Non-intrusive MPSC node-based queue

Advantages:

+ Waitfree and fast producers. One XCHG is maximum what one can get with multi-producer non-distributed queue.

+ Extremely fast consumer. On fast-path it's atomic-free, XCHG executed per node batch, in order to grab 'last item'.

+ No need for node order reversion. So pop operation is always O(1).

+ ABA-free.

+ No need for PDR. That is, one can use this algorithm out-of-the-box.

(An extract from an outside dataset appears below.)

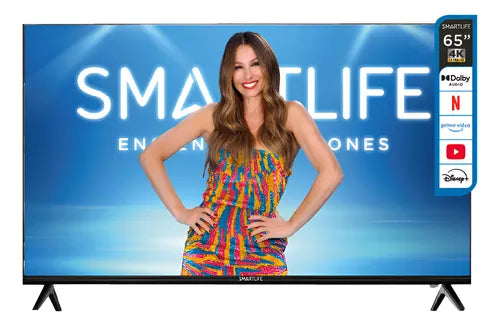 Smart TV 65" UHD - SMARTLIFE SL-TV65SMT24T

No need for thread registration/deregistration, periodic activity, deferred garbage etc.

Disadvantages:

- Push function is blocking wrt consumer. I.e. if producer blocked in (*), then consumer is blocked too. Fortunately 'window of inconsistency' is extremely small - producer must be blocked exactly in (*). Actually it's disadvantage only as compared with totally lockfree algorithm. It's still much better lock-based algorithm.

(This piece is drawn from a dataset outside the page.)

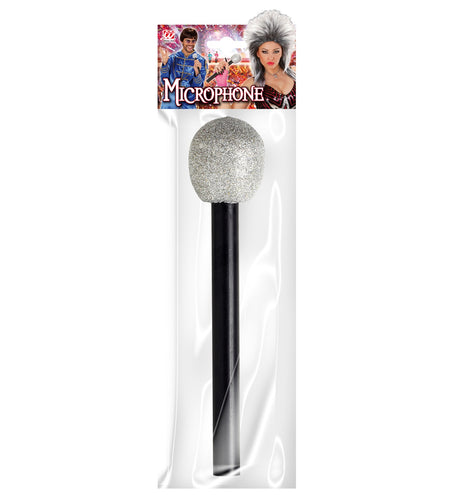Widmann SRL Nep microfoon zanger glitter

- The algorithm is not linearizable.

struct mpscq_node_t

{

mpscq_node_t* volatile next;

void* state;

};

struct mpscq_t

{

mpscq_node_t* volatile head;

mpscq_node_t* tail;

};

void mpscq_create(mpscq_t* self, mpscq_node_t* stub)

{

stub->next = 0;

self->head = stub;

self->tail = stub;

}

void mpscq_push(mpscq_t* self, mpscq_node_t* n)

{

n->next = 0;

mpscq_node_t* prev = XCHG(&self->head, n); // serialization-point wrt producers, acquire-release

prev->next = n; // serialization-point wrt consumer, release

}

mpscq_node_t* mpscq_pop(mpscq_t* self)

{

mpscq_node_t* tail = self->tail;

mpscq_node_t* next = tail->next; // serialization-point wrt producers, acquire

if (next)

{

self->tail = next;

tail->state = next->state;

return tail;

}

return 0;

}